17. The Empire Strikes Back (dir. Irvin Kershner, 1980)
by Ryan Silberstein, Managing Editor, The Red Herring
Back on April 24th of this year, I finally saw The Empire Strikes Back at a cinema. It was my fourth experience inside a movie theater in the past 12 months. I saw Tenet at an empty press screening last August, and a second time at an even emptier public screening a few weeks later. At the beginning of April, I rented a theater so a small group of friends could see Godzilla vs. Kong together. While those were all good experiences, Empire just hits differently.
Seeing a film I have watched countless times at home in a theater made me reflect on why I love going to the movies. I'm not saying anyone should or ought to go to a theater right now, but I do want to argue for the importance of the theatrical experience as a part of the medium we call movies.

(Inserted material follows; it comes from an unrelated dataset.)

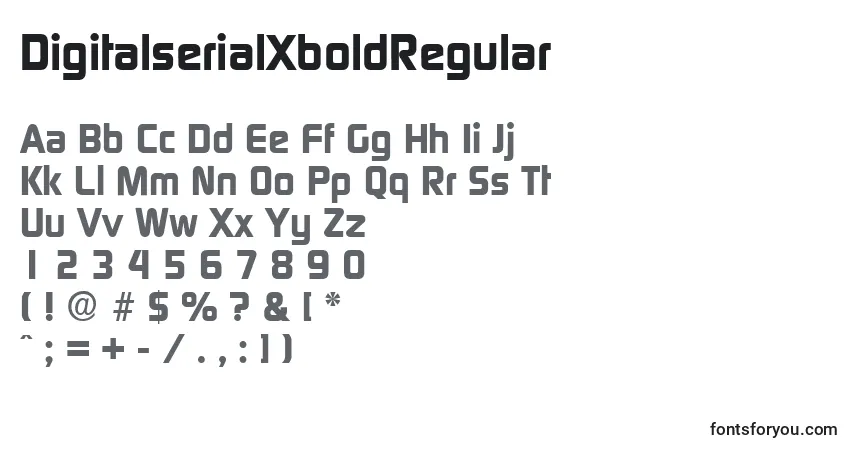A fonte DigitalserialXboldRegular – alfabeto, números, caracteres especiais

"It's like something out of a dream…”
When Luke arrives on Dagobah, looking for Yoda, he says the above line to himself. The swampy, mist-filled planet overrun with snakes–something I never noticed until this viewing–is the setting for Star Wars pivoting from a ‘Kurosawa samurai story, but in space’ towards mysticism. Here, George Lucas and director Irvin Kershner lean into Joseph Campbell’s ideas, embracing the monomyth structure as Luke gets ready to (unknowingly) face his father. They also lean into the immaterial, exploring the abstract concept of The Force in deeper ways.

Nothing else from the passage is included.